Get the parameters of this graph preprocessor.

Returns:

paramsdict

partial_fit(features)

Update the in-memory graph with the edges from the input edge list features.

This function inserts the edges from the input edge list features into the in-memory graph.

Parameters:

featuresarray-like of float, shape = (n_edges, n_raw_features): Input edge list. Each edge of this edge list should have the following format: [Edge ID, Source Vertex ID, Target Vertex ID, Timestamp, <other raw features>].

set_params(params)

Set the parameters of this graph preprocessor.

Valid parameter keys can be listed with get_params().

Invoking this function clears the existing in-memory graph.

Returns:

paramsdict

transform(features_in)

Generate graph-based features for each edge in the input edge list features_in.

This function inserts the edges from the input edge list features_in into the in-memory graph of this preprocessor and computes the graph-based features using the updated graph. The input edge list is updated with the graph-based features and is returned as the output.

The computed graph-based features have the following format: <graph-based features> = <graph-pattern features> <vertex statistics features>

The graph-pattern features <graph-pattern features> are created by concatenating the calculated pattern histograms for the patterns in the following order: fan-in, fan-out, degree-in, degree-out, scatter-gather, temporal cycle, length-constrained simple cycles. Only the histograms of the graph patterns that are enabled in params are present in <graph-pattern features>.

The graph vertex statistics features <vertex statistics features> contain the features for the source and the target vertex of an edge.
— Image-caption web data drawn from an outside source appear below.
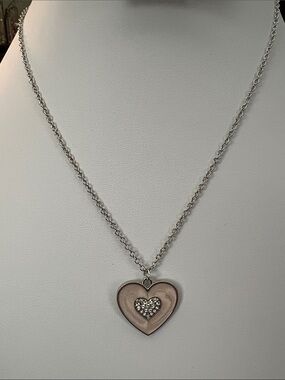 Paparazzi Heart Pendant Necklace in Light Pink with Crystal Accents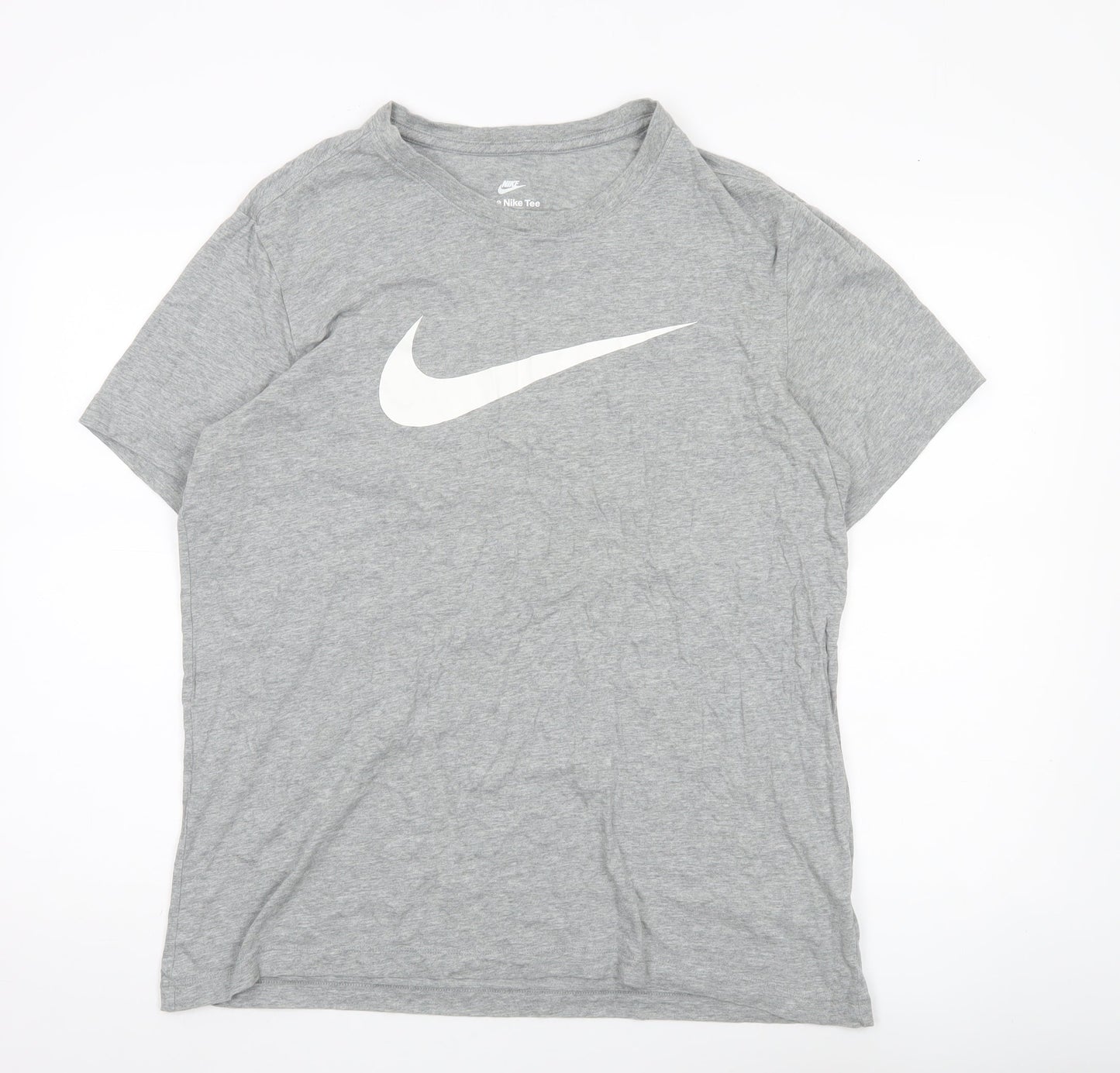 Nike Men's Grey Large Sports Logo T-Shirt Crew Neck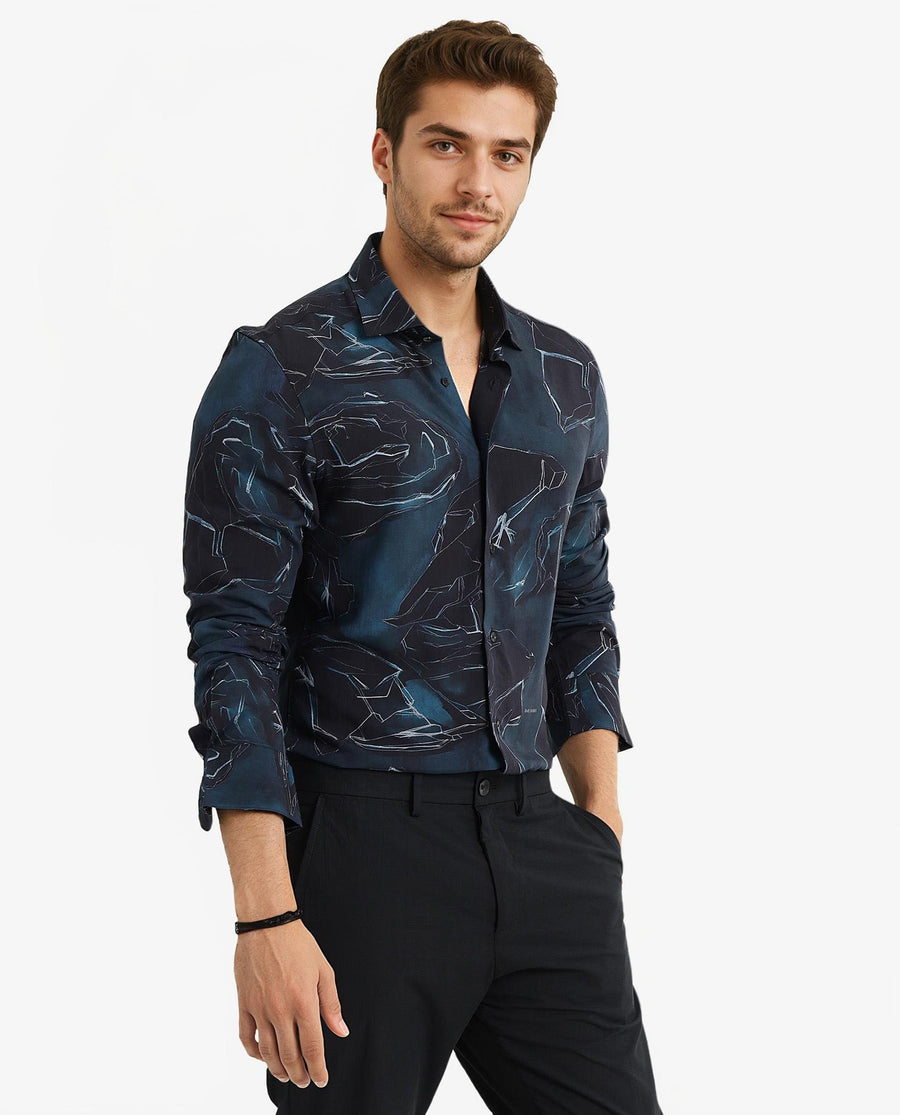 Rare Rabbit Men's Nexus Dark Teal Viscose Abstract Print Regular Fit Full Sleeve Collared Shirt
These vertex features are calculated separately for outgoing and incoming edges of each vertex: <vertex statistics features> = <source vertex features - outgoing edges> <source vertex features - incoming edges>

<target vertex features - outgoing edges> <target vertex features - incoming edges>

Source/target vertex features for both outgoing and incoming edges have the following format: <fan> <degree> <ratio> <average,sum,…,kurtosis for c_0>…<average,sum,…,kurtosis for c_k> where c_0,…,c_k are raw feature columns specified in vertex_stats_cols of params. The vertex statistics features other than fan, degree, and ratio are calculated for each raw feature column from vertex_stats_cols. Only the vertex statistics features that are selected in vertex_stats_feats of params are present in <vertex statistics features>.

Parameters:

features_inarray-like of float, shape = (n_edges, n_raw_features): Input edge list. Each edge of this edge list should have the following format: [Edge ID, Source Vertex ID, Target Vertex ID, Timestamp, <other raw features>].

Returns:

features_out: array-like of float, shape = (n_edges, n_raw_features + n_eng_features): Input edge list with additional n_eng_features graph-based features per edge. Each edge of this edge list has the following format: [Edge ID, Source Vertex ID, Target Vertex ID, Timestamp, <other raw features>, <graph-based features>].